Business & Tech

After 107-year Run, Potter and Co. to Close

Clothing and apparel fixture on Thames Street for more than a century is looking at the end of the road.

A clothing and apparel store and iconic fixture on Thames Street for 107 years, Potter and Co., is closing.

Owner Chafee Emory confirmed this week that she will almost certainly be closing the doors on the business for good by next year after failing to come to terms on an affordable lease with her landlord.

And it's not a case of her landlord asking for more than the market rate, she said, characterizing the situation as a predicament unique to a 107-year-old business in an aging building coming out of a disastrous winter at a time when the local retail market is undergoing steady and persistent turnover.

The building needs substantial work and since Potter and Co. occupies a voluminous 4,000 square feet, any increase in Emory's roughly $5,000 per month rent not including utilities can't be made up with more sales, she said. Thirty dollars per square foot, for example, wouldn't be outrageous for a landlord to ask in the downtown Newport and Thames Street areas.  And if you do the math, a store that sells active living apparel in 4,000 square feet of space would have little chance to generate the sales needed to stay in business unless customers were beating down the doors far before — and after — the golden summer months.

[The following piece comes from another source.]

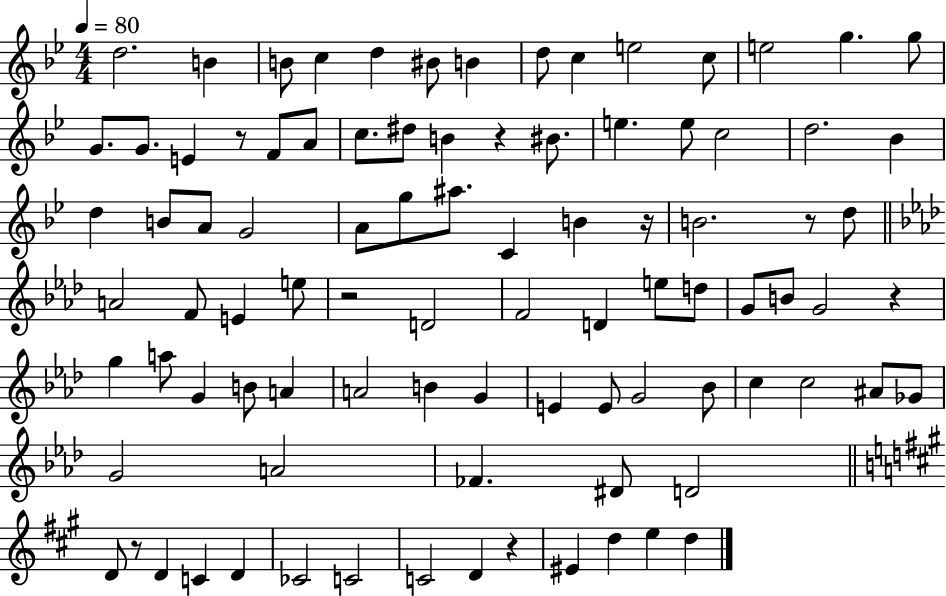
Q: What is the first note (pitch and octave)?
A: D5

And that just isn't happening now, Emory said, noting the increase she'd be facing is a bit lower than $30 per square foot.

Potter and Co. has been a family-run, locally owned business with roots that date to the early 1900s when Louis Potter, a Thames Street clothier and Herman Werner, a tailor down the street, hit it off and joined forces.

The Werner family continued to run the store up until 2010 when they sold it to Emory, who said she's holding out hope that someone might approach her with an idea to save the business.

"I'm open to anything," she said from a swivel chair in her office above the store on Tuesday. She's looked at other locations. She's crunched the numbers. But right now, she said, it doesn't look too promising.